The pictures stay out; all of the data is to be printed exactly.

:::::

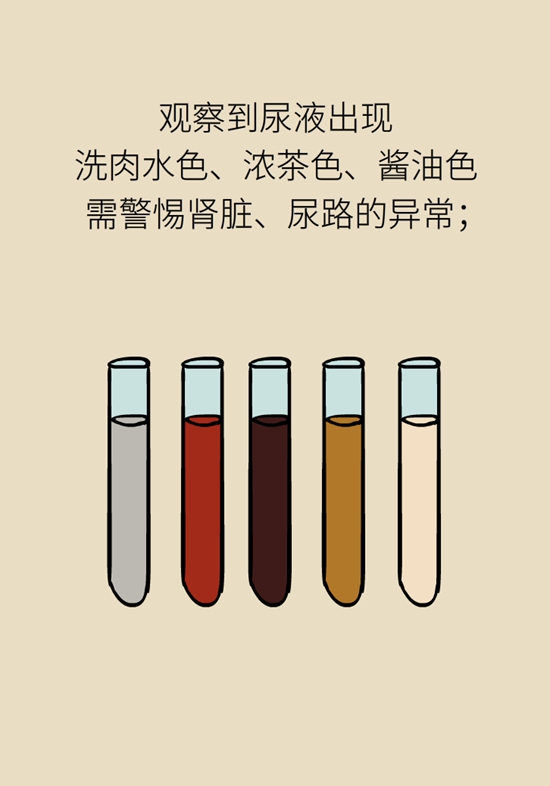  9個(gè)簡單動作，給自己做一個(gè)“新年免費(fèi)體檢”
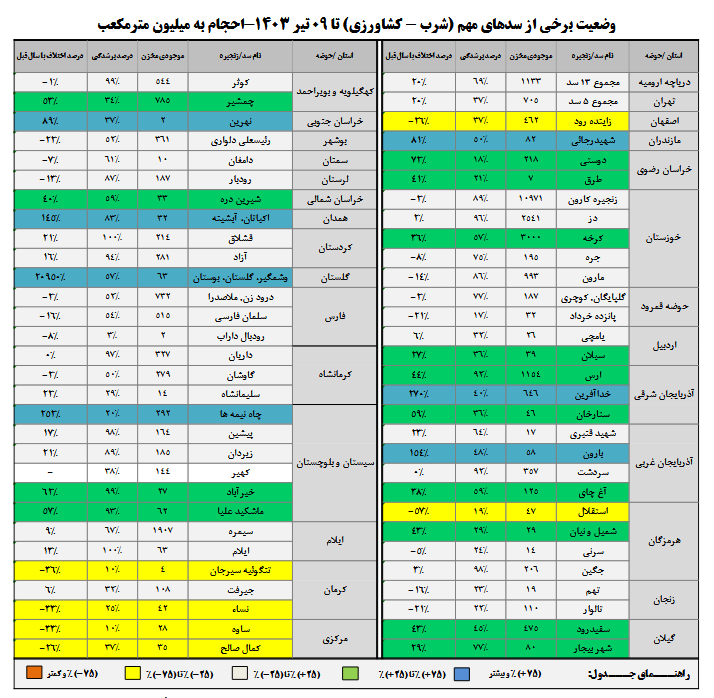 افزایش ۲۰ درصدی بارشها/۳۳ سد تا نیمه پر شد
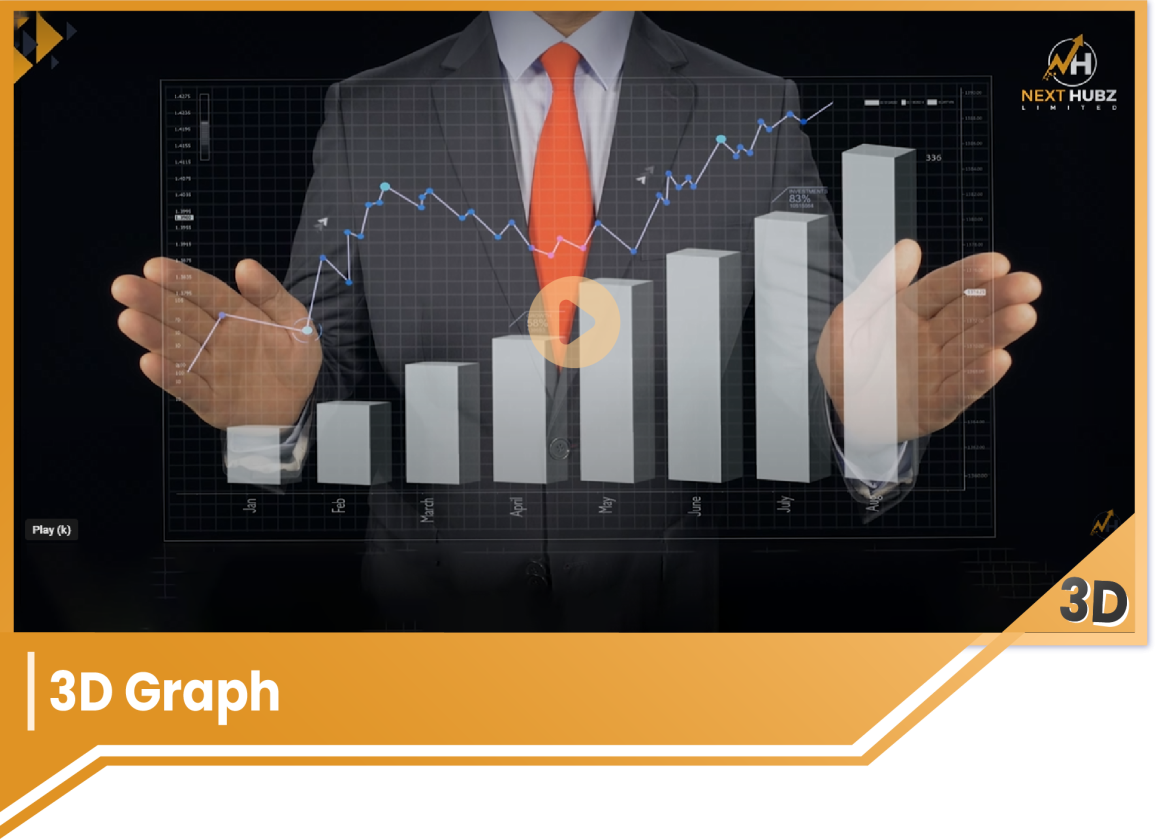 9 3D Graph  Next Hubz Limited.png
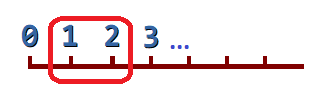 La imagen muestra la recta numérica seleccionando el intervalo del 1 al 2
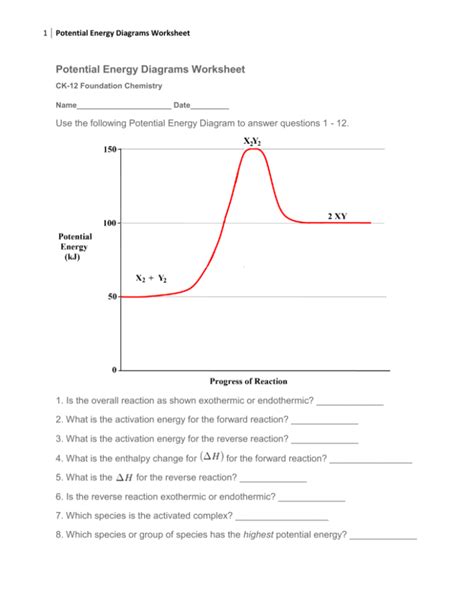 Potential Energy Diagrams Worksheet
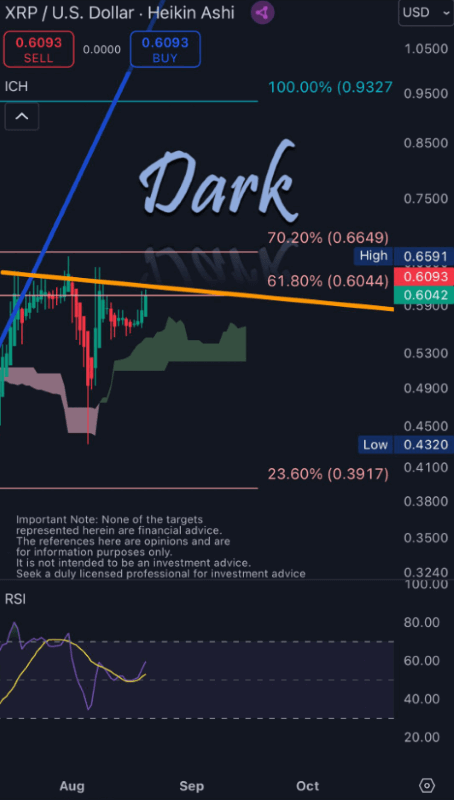 XRP prediction 2024 via Heikin Ashi, Ichimoku, and RSI. Source: Dark Defender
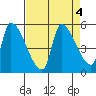 Tillamook tide chart for Wednesday, September 4, 2024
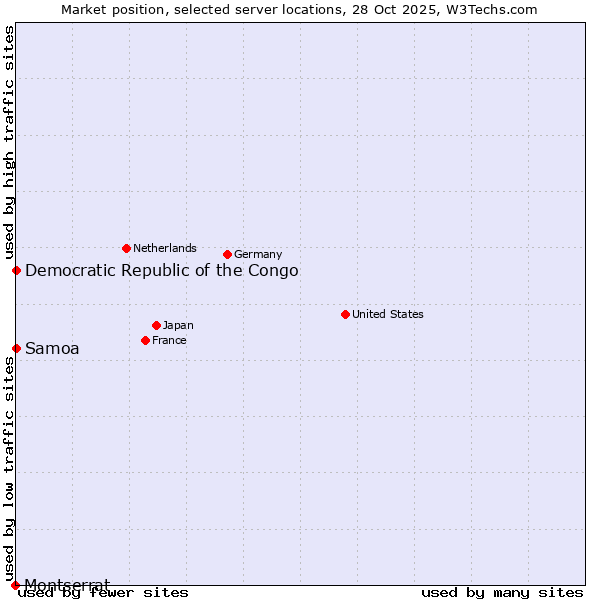 Market position of Samoa vs. Democratic Republic of the Congo vs. Montserrat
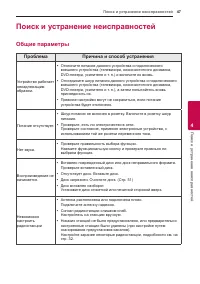 Страница 47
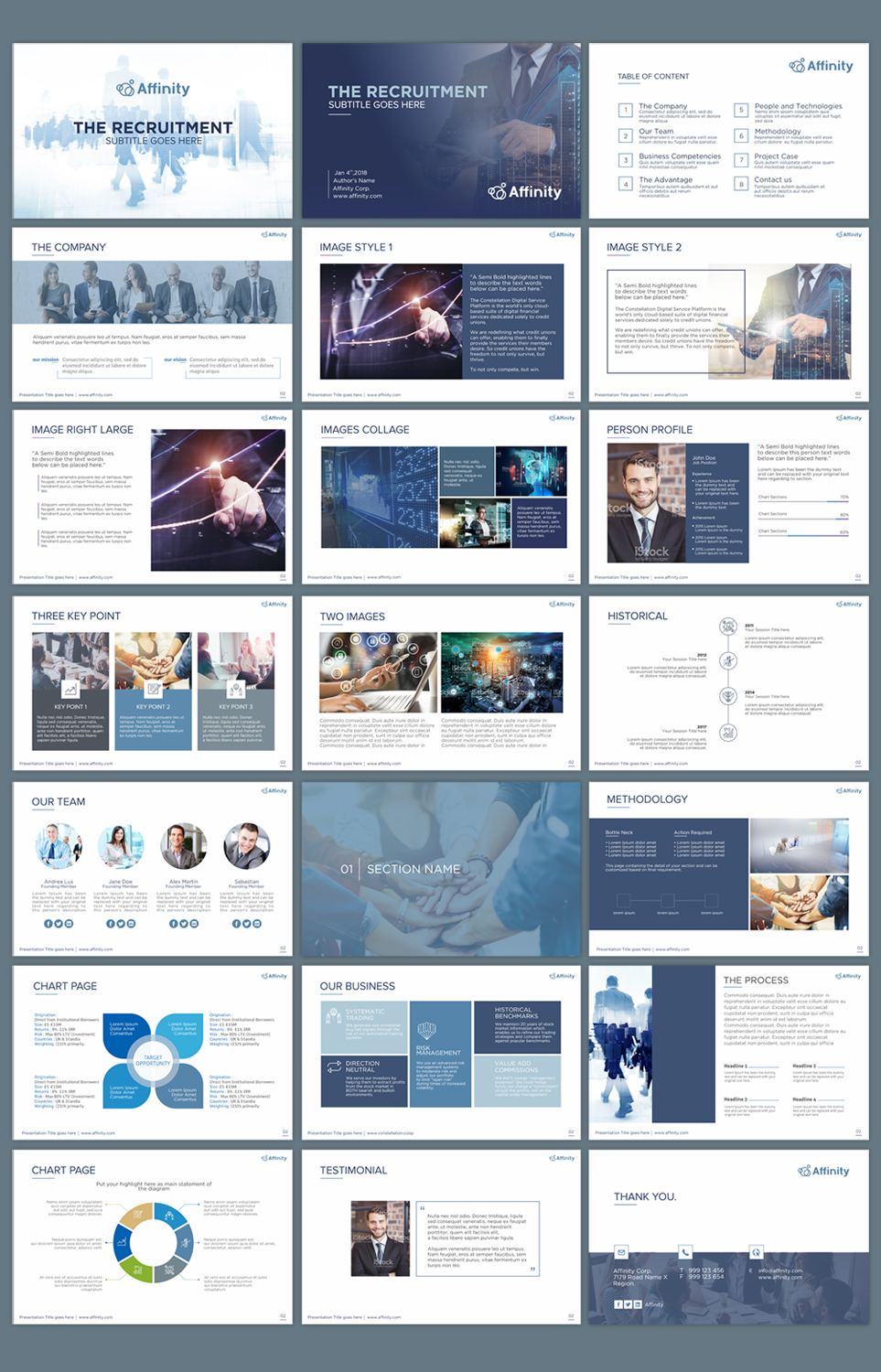 PowerPoint Design by kepitink for this project | Design #17323013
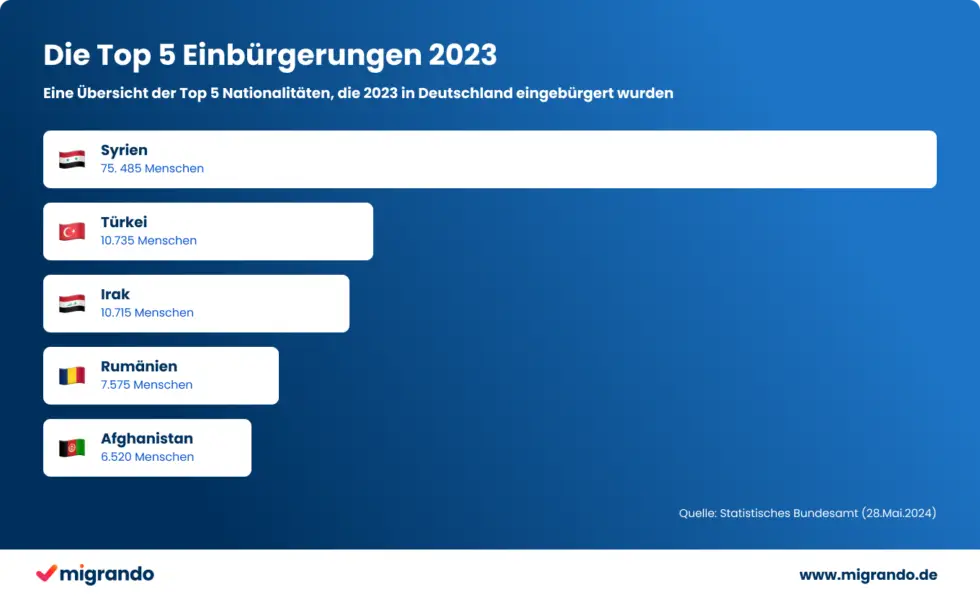 In dieser Grafik sehen Sie die Top 5 der Einbürgerungen 2023 in Deutschland.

:::::

• **Task output**:
  9個(gè)簡單動作，給自己做一個(gè)“新年免費(fèi)體檢”
 افزایش ۲۰ درصدی بارشها/۳۳ سد تا نیمه پر شد
 9 3D Graph  Next Hubz Limited.png
 La imagen muestra la recta numérica seleccionando el intervalo del 1 al 2
 Potential Energy Diagrams Worksheet
 XRP prediction 2024 via Heikin Ashi, Ichimoku, and RSI. Source: Dark Defender
 Tillamook tide chart for Wednesday, September 4, 2024
 Market position of Samoa vs. Democratic Republic of the Congo vs. Montserrat
 Страница 47
 PowerPoint Design by kepitink for this project | Design #17323013
 In dieser Grafik sehen Sie die Top 5 der Einbürgerungen 2023 in Deutschland.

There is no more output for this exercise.